第241話.こいつが王国の頂点の1人……
俺たちを乗せた馬車は『クレイン地方』を抜け出して、『王都』地域の広い道路を進んだ。
俺は薄暗い荷台の中に座って、外を眺めた。緑色の平原、遠くに見える山……この風景だけ見れば平和だ。しかし王都地域は決して平和ではない。戦乱のど真ん中だ。
「レッド君」
長身の美人が安楽椅子に腰をかけたまま、俺を呼んだ。もちろん白猫だ。
「どうした、白猫?」
「せっかくだから、レッド君にクイズでも出そうかな、と思って」
「クイズ?」
「うん、クイズ」
白猫がニヤリと笑った。
「では、次の質問に答えなさい。『王都を囲んだ大きな防壁は何と言うんですか?』」
「へっ」
俺は笑った。
「俺もそれくらいは知っているさ。あれは『守護の壁』だ」
「正解」
白猫が笑顔で頷く。
「じゃ、2問目行くわよ」
「まだあるのか」
「『守護の壁の外にも多数の村がありますが、これらの村を何と呼ぶんですか?』」
「簡単だな。答えは『外側の村』だ」
「正解!」
白猫が力強く頷いた。
「ちゃんと勉強したんだね、レッド君! 先生は嬉しいです」
「誰が先生だ」
俺は苦笑した。
白猫のクイズの通り、『王都』は『守護の壁』という巨大な防壁に囲まれている。あの防壁はこの王国の初代王が建設を開始し、彼の孫子の代に完成したそうだ。

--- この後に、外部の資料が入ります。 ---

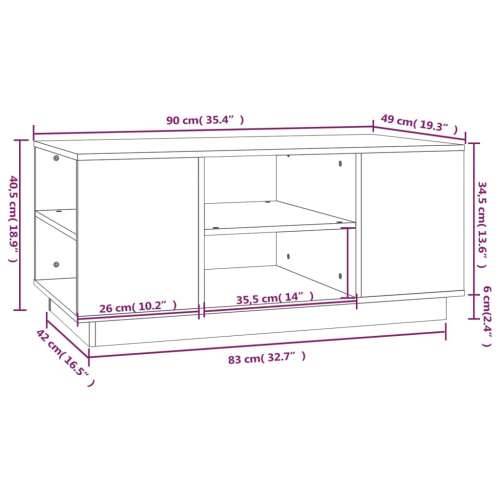 Stolić za kavu crni 90x49x40,5 cm od masivne borovine - Crna 1 Cijena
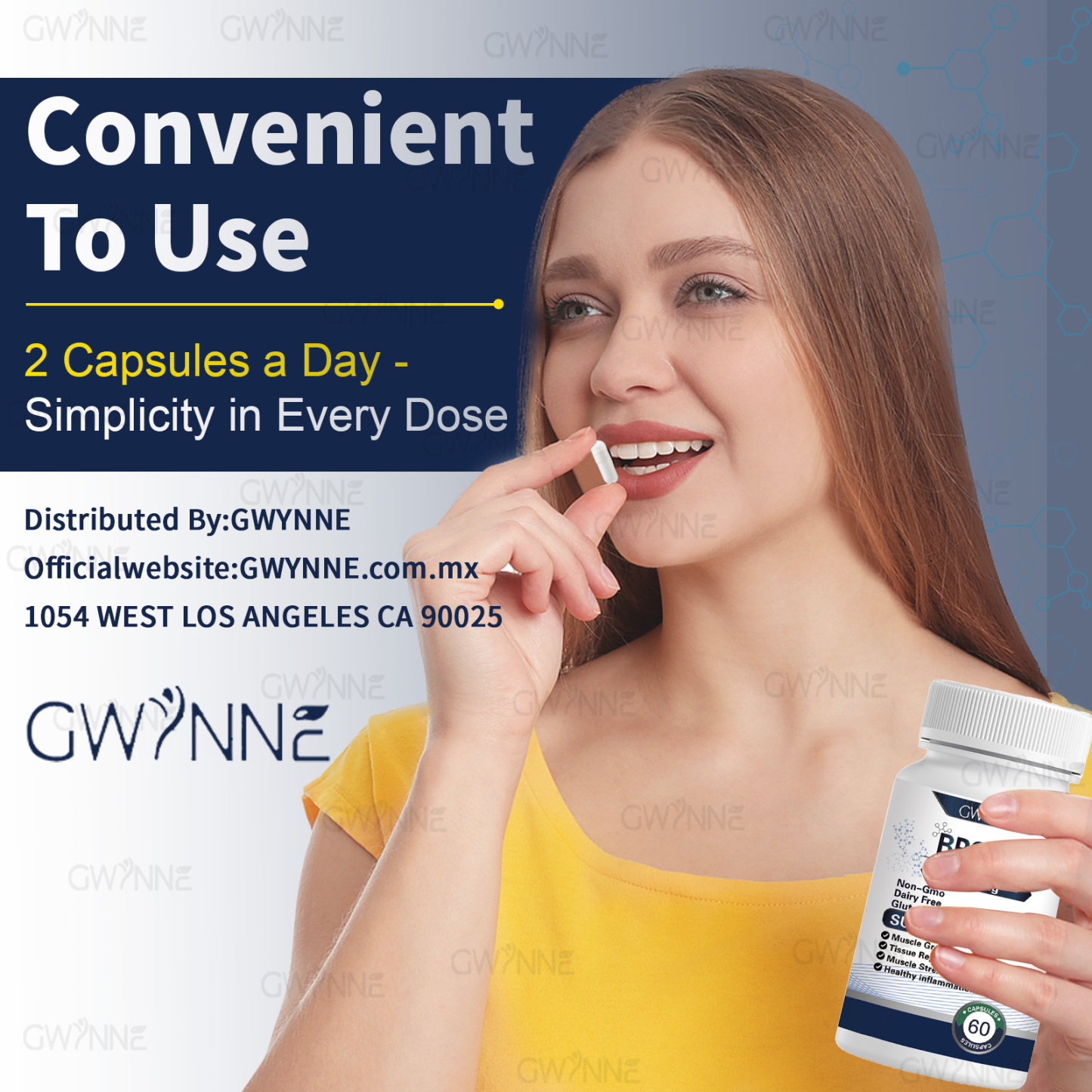 Gwynne Cápsulas De Péptidos Bpc-157 De Alta Potencia Para La Recuperación Muscular Y Del Ejercicio, Recuperación Acelerada Y Curación Intestinal 1000mcg 60 Cápsulas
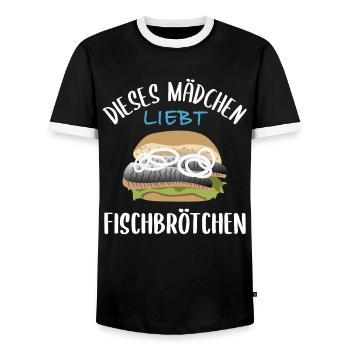 Mädchen & Fischbrötchen - Eine Liebesgeschichte - Männer Kontrast-T-Shirt - Schwarz/Weiß - Vorne - AI Model Female 172 light (172cm) & AI Model Male 178 light (178cm)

一般的に『王都』と言えば、『守護の壁』の内部に存在する大都市を意味する。しかし実は壁の外にも村が存在している。これを『外側の村』といって、王都地域には『外側の村』が10箇所以上あるそうだ。
俺たちが目指している『スウェントン』も、『外側の村』の1つだ。俺はその村でウェンデル公爵との秘密会談を行う予定だ。
「頑張って勉強したレッド君には、ご褒美を上げるわ」
白猫が席から立って、俺に身を寄せてくる。
「先生にどうして欲しいの? 言ってご覧なさい」
「くだらない冗談は止めて、じっとして欲しい」
俺が真顔で言うと、白猫は自分の席に戻って唇を尖らせる。
「つまんない」
「知るか」
「ちぇっ」
白猫は安楽椅子を後ろに傾けて、目を閉じる。まるで拗ねた子供みたいだ。
しかし……そんな彼女の姿から、俺はどことなく違和感を覚えた。
「領主様」
御者席からオリバーが声を上げた。
「どうした?」
「壁が見えてきました」
その答えを聞いて、俺は荷台の天幕をめくり上げた。すると遠くからとてつもなく高い壁が見えてきた。
「『守護の壁』か……」
一般的な城壁とは比べにならないほど頑丈で、大都市を完全に囲めるほど広範囲な防壁……遠くからもその威厳が感じられる。
あれはもう単なる壁ではない。王都の威光と影響力の象徴だ。王都を手に入れるためには……あの壁を越えなければならない。
今はまだ時期尚早だ。しかし近いうちに……俺の軍隊があの壁を越えて進軍する。俺は頭の中でその光景を描いた。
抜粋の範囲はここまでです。